В древнем, давно покинутом готическом замке никто не жил уже много веков. Лишь ветер — старый, ленивый сторож — по-прежнему бродил по его коридорам и залам. Пыль была здесь королевой, а старые, истлевшие портьеры — её придворными. Они ещё цеплялись за штанги и крючки, как за смысл бытия, храня тени когда-то былой роскоши. Росписи на стенах выцвели, но казалось, они не исчезли, а ушли внутрь стены — туда, где ещё что-то помнилось.
Летом зной тяжёлым дыханием входил сквозь разбитые окна и раскрытые двери, проникая в глубины замка, обволакивая его вялым жаром. Зимой же холод царствовал один, как истинный владыка — молчаливый, безликий, не знающий жалости.
Живых здесь не бывало давно. Ни охотников за сокровищами, ни любителей приключений, ни праздных туристов. Последние следы ботинок исчезли, и лишь пыль и мышиные лапки, как письмо забытой эпохи, оставляли следы на полу.
Но недавно что-то изменилось.
В деревнях начали шептаться: в окнах замка по ночам загорается свет. Люди сторонились той стороны, крестились, старались не говорить об этом громко. Все знали: если мертвое оживает — это неспроста.
Однако нашёлся один, кого манили загадки и запах древности. Исследователь старины, доктор археологических наук, собрал группу. Молодой аспирант, профессор-средневековик, два крепких техника и парочка оружейников — на всякий случай.
— «Берём фонари, карты, счётчик Гейгера, компас — всё по списку. Плюс аптечка, монтировка и карабины на пояс. Замки мы не взламываем, мы вежливо заходим», — говорил профессор, с лёгкой иронией поглаживая карту.
— «Вы уверены, что там ничего… не двигается?» — пробормотал аспирант, поправляя очки.
— «Сынок, если бы я был в чём-то уверен, я бы сейчас не шёл в заброшенный готический замок на краю богом забытого ландшафта. Но когда ещё нам выпадет такой шанс?»
— «Я бы предпочёл шанс остаться в живых», — буркнул один из техников, проверяя дробовик.

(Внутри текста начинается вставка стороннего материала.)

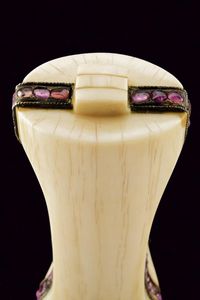 Raffinata jambiya decorata con pietre  - Asta Rare Armi Antiche e Militaria da tutto il mondo - Associazione Nazionale - Case d'Asta italiane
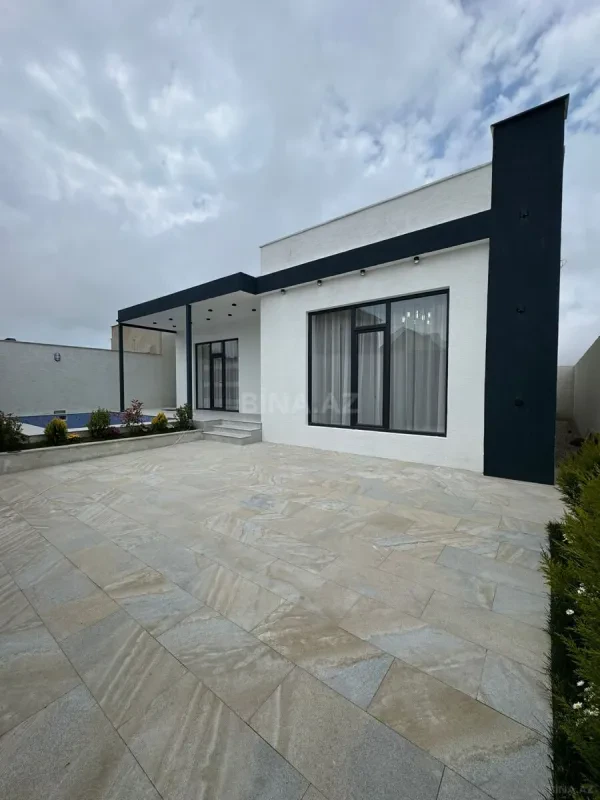 Satılır 4 otaqlı həyət evi 140 m²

— «Холодно там будет, говорят, как в морге», — сказал второй и надел третью куртку. — «Я не подписывался на это, когда пошёл учиться на техника археолога…»

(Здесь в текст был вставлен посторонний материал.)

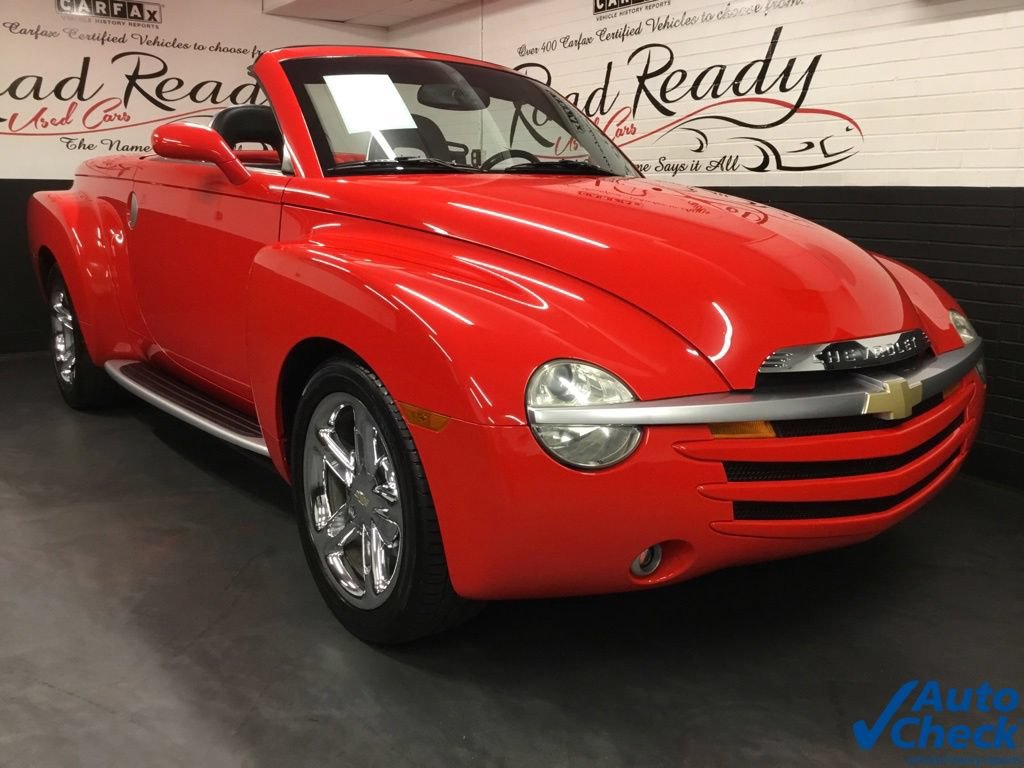 Used 2005 Chevrolet SSR w/ Preferred Equipment Group RWD image 3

— «Ты вообще подписывался на разминирование в Египте, так что заткнись», — отрезал профессор.
Так они оказались у подножия замка.
Шпили его вздымались вверх, как мачты затонувшего в небе корабля. Камни были чёрные, гладкие, как будто не состарились вовсе, а просто ждали, когда их снова тронет чья-то рука. Замок был тих. Слишком тих.

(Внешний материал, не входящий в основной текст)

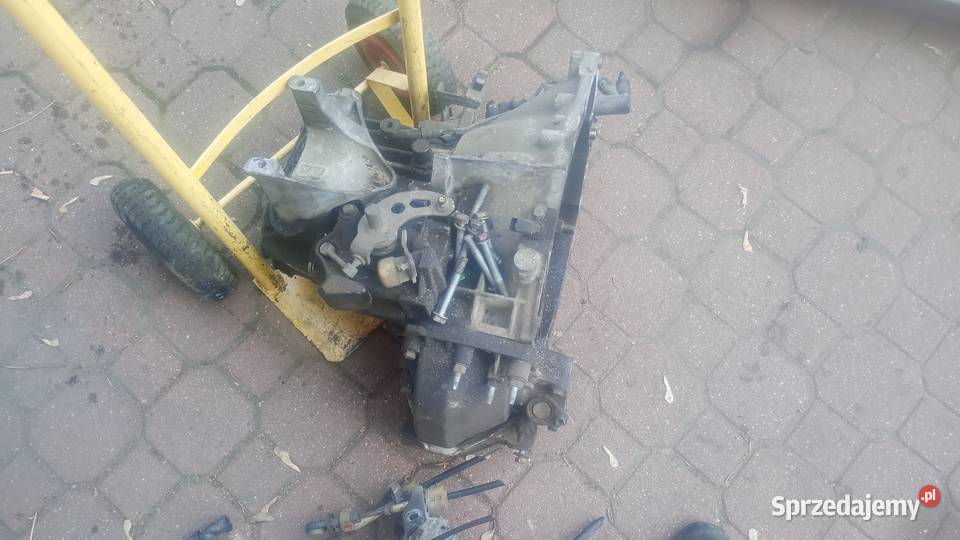 Silnik 22 163 407 coupe skrzynia biegów manualna lubelskie Łuków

— «Господи…», — прошептал аспирант.
— «Он будто смотрит на нас», — добавил один из техников.
— «Он не смотрит. Он ждёт», — произнёс профессор, и его голос был уже без иронии.
Скрипнула дверь — и их встретил запах плесени, старины и чего-то… другого. Холод вошёл в их кости сразу, не спрашивая разрешения. Они прошли внутрь, пытаясь сохранять учёный энтузиазм.
И вдруг — ХЛОБЫСЬ! — дверь захлопнулась сзади.
— «ЧЁРТ!» — вскрикнул один из техников.
— «О господи! Кто это? Кто там?!» — завопил аспирант.
— «Тихо! Всем тихо!» — скомандовал профессор.
— «Это… это ветер. Наверное. Ветер. Дверь сама. Да?»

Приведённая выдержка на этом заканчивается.